CBS Cable
- Country: United States

Programming
- Picture format: NTSC

Ownership
- Owner: CBS

History
- Launched: October 12, 1981
- Closed: December 17, 1982 (1 year, 66 days)

= CBS Cable =

US cable television network (active 1981–1982)

CBS Cable was an early but short-lived cable television network operated by CBS, Inc., dedicated to the lively arts (i.e. symphony, dance, theatre, opera, etc.). It debuted on October 12, 1981 and ceased operations on December 17, 1982.

== History ==

CBS Cable was a personal project of CBS founder William Paley, who hoped it would blaze a trail for cultural programming in the then-emerging cable television medium. Its program offerings were ambitious and often critically praised. Nevertheless, the network struggled, and ultimately failed, largely because of the reluctance of many cable systems across the United States to give it carriage, limiting severely its ability to attract both viewers and advertisers for its costly lineup of programming. Its program offerings, while critically hailed in their own right, frequently overlapped cultural, literary and historical programs broadcast over the air in prime time by PBS in nearly every television market. Further, cable systems in the early 1980s had far more limited channel capacity than they do today (usually the standard thirty-five channels in most cities). CBS Cable was competing for channel space by appealing to a select and relatively small upscale audience, while other networks coming on line at the same time such as MTV and ESPN promised larger and more broad-based viewership and therefore got cable operators to carry them far more easily. MTV and ESPN thrived and gave rise to additional companion channels within a short time, while the CBS Cable channel folded after just over 14 months in operation.

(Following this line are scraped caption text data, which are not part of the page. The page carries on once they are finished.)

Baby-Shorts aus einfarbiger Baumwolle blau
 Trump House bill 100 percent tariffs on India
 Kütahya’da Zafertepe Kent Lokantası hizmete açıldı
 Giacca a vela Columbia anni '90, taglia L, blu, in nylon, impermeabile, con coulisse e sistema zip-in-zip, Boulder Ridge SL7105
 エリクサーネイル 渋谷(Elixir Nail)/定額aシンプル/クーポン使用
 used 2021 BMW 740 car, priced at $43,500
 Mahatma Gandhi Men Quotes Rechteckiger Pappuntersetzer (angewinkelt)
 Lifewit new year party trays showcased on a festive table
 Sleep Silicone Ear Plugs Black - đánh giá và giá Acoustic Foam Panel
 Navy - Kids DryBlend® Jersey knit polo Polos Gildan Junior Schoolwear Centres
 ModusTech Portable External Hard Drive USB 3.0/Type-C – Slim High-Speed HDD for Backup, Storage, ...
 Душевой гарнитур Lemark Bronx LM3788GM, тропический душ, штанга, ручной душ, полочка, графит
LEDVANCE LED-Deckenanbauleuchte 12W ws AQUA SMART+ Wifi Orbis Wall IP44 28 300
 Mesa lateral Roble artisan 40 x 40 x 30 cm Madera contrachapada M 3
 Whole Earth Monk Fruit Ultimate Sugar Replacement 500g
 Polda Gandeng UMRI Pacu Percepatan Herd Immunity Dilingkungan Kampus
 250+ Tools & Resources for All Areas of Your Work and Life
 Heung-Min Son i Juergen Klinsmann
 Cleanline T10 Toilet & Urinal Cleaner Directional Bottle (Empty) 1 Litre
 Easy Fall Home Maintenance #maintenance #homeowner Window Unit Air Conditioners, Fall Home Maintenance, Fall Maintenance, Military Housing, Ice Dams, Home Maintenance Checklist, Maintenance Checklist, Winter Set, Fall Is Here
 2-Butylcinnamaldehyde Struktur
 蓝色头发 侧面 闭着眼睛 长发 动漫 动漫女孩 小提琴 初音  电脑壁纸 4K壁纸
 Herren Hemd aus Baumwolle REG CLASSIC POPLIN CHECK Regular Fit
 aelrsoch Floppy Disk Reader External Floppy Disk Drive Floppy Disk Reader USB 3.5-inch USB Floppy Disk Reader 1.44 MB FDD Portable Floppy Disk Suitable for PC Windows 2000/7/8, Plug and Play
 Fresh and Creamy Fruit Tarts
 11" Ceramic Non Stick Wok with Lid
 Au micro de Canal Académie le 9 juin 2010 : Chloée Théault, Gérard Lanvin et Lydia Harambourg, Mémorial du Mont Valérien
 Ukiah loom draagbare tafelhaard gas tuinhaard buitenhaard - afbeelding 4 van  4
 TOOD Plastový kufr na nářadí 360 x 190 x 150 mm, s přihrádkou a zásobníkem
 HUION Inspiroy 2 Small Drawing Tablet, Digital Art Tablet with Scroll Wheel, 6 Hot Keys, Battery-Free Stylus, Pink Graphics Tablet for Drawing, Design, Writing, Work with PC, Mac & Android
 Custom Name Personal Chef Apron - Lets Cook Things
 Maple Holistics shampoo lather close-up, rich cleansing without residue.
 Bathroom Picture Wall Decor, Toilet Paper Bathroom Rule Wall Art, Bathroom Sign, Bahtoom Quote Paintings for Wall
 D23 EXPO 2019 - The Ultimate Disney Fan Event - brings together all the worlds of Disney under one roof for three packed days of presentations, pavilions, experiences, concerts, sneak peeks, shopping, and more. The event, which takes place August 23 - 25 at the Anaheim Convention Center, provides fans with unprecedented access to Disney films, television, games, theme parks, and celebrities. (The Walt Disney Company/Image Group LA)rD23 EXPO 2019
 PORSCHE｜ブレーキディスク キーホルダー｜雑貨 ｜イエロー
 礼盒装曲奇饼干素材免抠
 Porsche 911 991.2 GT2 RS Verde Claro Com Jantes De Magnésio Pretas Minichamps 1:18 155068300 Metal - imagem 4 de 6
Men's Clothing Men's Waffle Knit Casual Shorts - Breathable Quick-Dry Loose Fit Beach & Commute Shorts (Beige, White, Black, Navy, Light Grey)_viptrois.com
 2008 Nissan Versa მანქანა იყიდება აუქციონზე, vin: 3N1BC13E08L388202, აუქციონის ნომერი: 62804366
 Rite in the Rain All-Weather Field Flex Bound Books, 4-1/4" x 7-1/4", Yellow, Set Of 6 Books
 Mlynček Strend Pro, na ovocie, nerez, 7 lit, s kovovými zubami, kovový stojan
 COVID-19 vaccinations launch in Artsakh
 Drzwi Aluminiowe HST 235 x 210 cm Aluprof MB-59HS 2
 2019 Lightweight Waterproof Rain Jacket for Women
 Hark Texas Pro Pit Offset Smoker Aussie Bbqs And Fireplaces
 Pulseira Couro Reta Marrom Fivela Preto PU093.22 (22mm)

CBS made another effort to launch a cable network using the CBS name, CBS Eye On People, which launched in 1997, featuring mostly biography programming and programs from the CBS News archives, along with old episodes of 60 Minutes and other CBS newsmagazines. However the effort proved to be unsuccessful, and in 1998 CBS sold its stake in the network to Discovery Communications, which rebranded it as Discovery People before utilizing the channel slots acquired in the deal for their other networks.

== As a CBS division name ==
The CBS Cable name was used for three years as the name of the network's cable division, after the 1996 purchase of The Nashville Network (now the general-interest Paramount Network) and Country Music Television from Gaylord Entertainment, along with CBS' existing stakes in the regional sports networks Midwest Sports Channel in the Twin Cities/Milwaukee (now split into Bally Sports North, serving Minnesota and the Dakotas, and Bally Sports Wisconsin for Wisconsin, purchased in 1992 by CBS as part of their acquisition of Midwest Television, the owners of WCCO-TV and Green Bay's WFRV-TV) and the Home Team Sports network in the Baltimore/Washington market (now Monumental Sports Network). TNN and CMT were folded into MTV Networks after the 1999 merger with Viacom, with the sports networks sold to other parties shortly after the merger.

==Host==
- Patrick Watson (also known for PBS' Live at Lincoln Center)

==Programs==
- Artists and Mothers included the film A Film About My Home, an autobiographical piece by Oren Rudavsky, as well as pieces by Joseph Cornell, Martin Scorsese, Jonas Mekas and Mark Rance.
- Confessions of a Cornermaker, an original dance piece by Twyla Tharp.
- Count Basie Live at Carnegie Hall, one of Basie's final performances, featuring guests Tony Bennett, George Benson, Joe Williams and Sarah Vaughan.
- Gertrude Stein Gertrude Stein Gertrude Stein, starring Pat Carroll, a video recreation of her one-woman off-Broadway play of the same name from 1977.
- Gilbert & Sullivan productions by Brent Walker (H.M.S. Pinafore, The Pirates of Penzance, Iolanthe, The Mikado, and The Gondoliers) aired in its last week of broadcast.
- Kennedy's Children (1982), play by Robert Patrick, directed by Marshall W. Mason, produced by Glenn Dubose, Feb. 11 & 12, 1982, starring Shirley Knight, Jane Alexander, Lindsay Crouse, Brad Dourif, and personnel from the Caffe Cino.
- Mornings at Seven
- Music Music Music (1981), the history of music in 90 seconds, with a score arranged by Mel Tormé; designed and directed by John Canemaker.
- Nichols and Dimes: A documentary film about business investment, with Mike Nichols' very successful Arabian horse business portrayed as an example. This was the first show broadcast on the network.
- The Quiz Kids, a revival of the 1950s game show, hosted by Norman Lear.
- The Ring of the Fettuccines, parody opera co-authored by Marie Allyn King
- Signature, an interview series in which the camera never cut away from the interviewee.
- Singin'!, three specials produced by and featuring Nancy Dussault with Karen Morrow singing popular classics.
- The Song Writers, a series saluting composers of The Great American Songbook
- Tintypes, a revue of American music from 1895 to 1912.
- Mixed Bag, a selection of highlights from the channel's short history, shown as the network's final program.